Comment 12 Olaf Imig 2005-03-15 05:28:17 UTC
(In reply to comment #10)
> I cannot reproduce this one.  Can you attach a gzipped level 
> 10 debug log with this report?
> 
> If I understand correctly, all of this surrounds using 
> smbclient to cancel print jobs.  Do WinNT/2k/xp clients 
> work ok ?  What about Windows 9x ?
I can reproduce the described behavior exact. My system is a Samba-Printserver
at Solaris 8 in a domain. smbclient run at the same system.When I start a print
job at a Windows-XP-client and I do the que-command twice at smbclient I see the
following result:
Domain=[BIFAB] OS=[Unix] Server=[Samba 3.0.11]
smb: \> que
1        115760       Testseite
smb: \> que
256      115760       Testseite
I think the canceling-behavior is a result of this. 
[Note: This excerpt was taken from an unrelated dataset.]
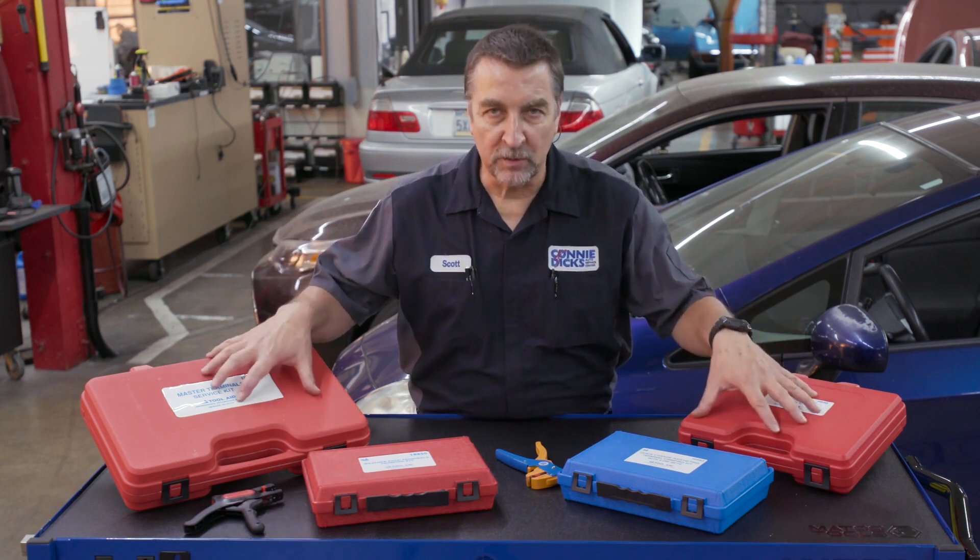Hi, this is Scott Brown with a P10 review of some of the professional grade electrical terminal service tools by ToolAid.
I will create an attachment for this test with loglevel 10.
Comment 13 Olaf Imig 2005-03-15 05:32:07 UTC
Created attachment 1033 [details]
log.smbd (comment #12)
Comment 14 Olaf Imig 2005-04-26 06:28:28 UTC
(In reply to comment #13)
> Created an attachment (id=1033) [edit]
> log.smbd (comment #12)
> 
Because nobody is interested in fixing this bug, I did it myself. The following
patch for 
samba-3.0.15pre2 fix the failure in behavior of the the que-command (get weird
jobid numbers from the queue command in smbclient) and the failure in the
behavior of the cancel command in smbclient.
The reason for the bug is a byte order problem, that means we have this bug at
all BIG-ENDIAN machines. In the functions pjobid_to_rap, rap_to_pjobid,
rap_jobid_delete an uint16 is extracted with SVAL from a tdb-file. At BIG-ENDIAN
machines this switch the byte oder. The programmer forgot to put the uint16 with
SSVAL in the tdb-file. An simple cast work only on LITTLE-ENDIAN machines. For
example the functions get_updating_pid and set_updating_pid work in the right way.
Comment 15 Olaf Imig 2005-04-26 06:31:43 UTC
Created attachment 1174 [details]
This is the fix for this Bug
Comment 16 Gerald (Jerry) Carter (dead mail address) 2005-04-26 07:12:48 UTC
Olaf,  Thanks very much for the fix.  I knew it was a byte 
ordering issue when storing and retreiving the job id's.  But the 
actual 32-bit job id are ok.  It didn't realize it was the 16-bit 
RAP job ids.  And with a dead sparc, I could never reproduce it.
Wonderful work.  

Patch applied.  WIll be on the next 3.0.15 snapshot.




Comment 17 Gerald (Jerry) Carter (dead mail address) 2005-08-24 10:19:35 UTC
sorry for the same, cleaning up the database to prevent unecessary reopens of bugs.